GM’s Orion Township plant suddenly goes all electric
In the USA, the General Motors plant in Orion Township in the Detroit area in Michigan State is becoming the Group’s second to go fully electric, right after GM’s Detroit-Hamtramck plant. While the conversion to electric cars was planned for Detroit-Hamtramck for a long time, the transition at Orion Township has been somewhat sudden.
This October, the GM plant in Orion Township will suddenly find itself without combustion engines rolling off production lines since General Motors has decided to stop making the Chevrolet Sonic combustion engine model due to low demand. The Chevrolet Sonic is a small car that was sold in Europe as Chevrolet Aveo and withdrawn from European markets already in 2014. What remains for the Orion Township plant are only electric models, with the production of the revised Chevrolet Bolt and the new offshoot Bolt EUV. The move is rather involuntary, and it seems GM is keeping its options open at the Orion Township saying it will continue to build combustion engines there if necessary.

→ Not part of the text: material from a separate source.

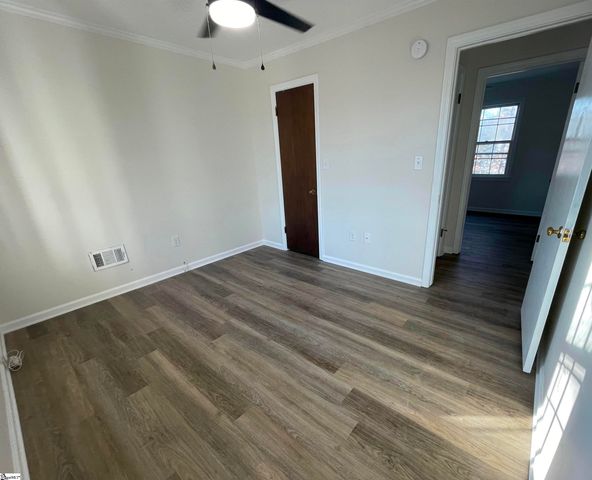 8 Aspenwood Drive, Simpsonville, SC 29680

“We notified Chevrolet dealers of our plans to end production of the Chevrolet Sonic in October, due to declining demand,” GM spokesperson Megan Soule told Electrek. “This action also paves the way for the Orion Township Assembly Plant to prepare for the production of the refreshed Bolt EV and Bolt EUV, which will go into production in 2021. With this shift, it would make Orion an all-EV manufacturing facility, with the ability to build ICE vehicles as needed in the future.” Soule did not specify which internal combustion engine models could be built there in the future.
In March last year, General Motors announced an investment of $300 million for its assembly plant in Orion Township, Michigan. The investment went into the production of a new Chevrolet electric vehicle as part of a total $1.8BN push. A year later, in March this year at GM’s EV Day for investors, General Motors CEO Mary Barra presented an overview of the Group’s electric strategy. A “new version” of the Bolt EV will arrive in late 2020, followed by the Bolt EUV in the summer of 2021. Indications suggest that the electric hatchback will receive a minor facelift.

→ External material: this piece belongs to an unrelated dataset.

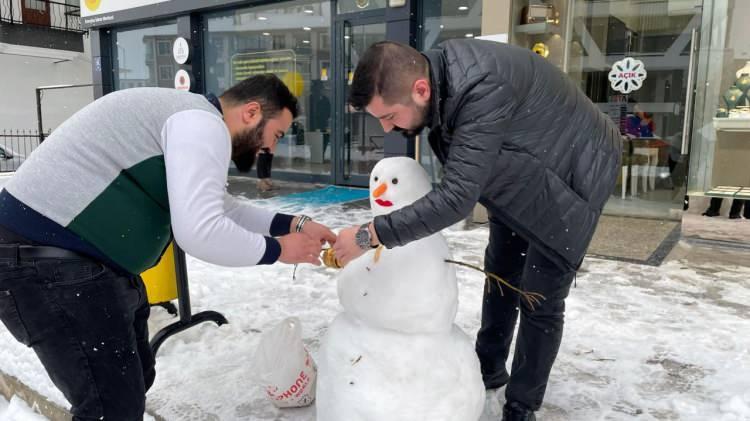 <p>Ankara`da sabahın erken saatlerinden bu yana etkili olan kar yağışının ardından Pursaklar`da kuyumculuk yapan Altuntaş, karlı manzaraların vazgeçilmesi "kardan adam" yerine alışılmadık bir tasarıma imza attı.</p>
<p> </p>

At GM’s other Michigan plant –Detroit-Hamtramck – the last combustion engine rolled off the assembly line in February this year, and the factory has been converted for the production of electric cars since March. The GMC Hummer EV is to be built there, which will be later followed by the Cruise Origin from 2021. The Cruise Origin autonomous electric vehicle revealed in January will be the first product to use GM’s third-generation EV platform and Ultium batteries. Cruise emphasised the fact that the Origin is a production model, not a concept vehicle. At the same time, the US company gave no details on when the model will be produced.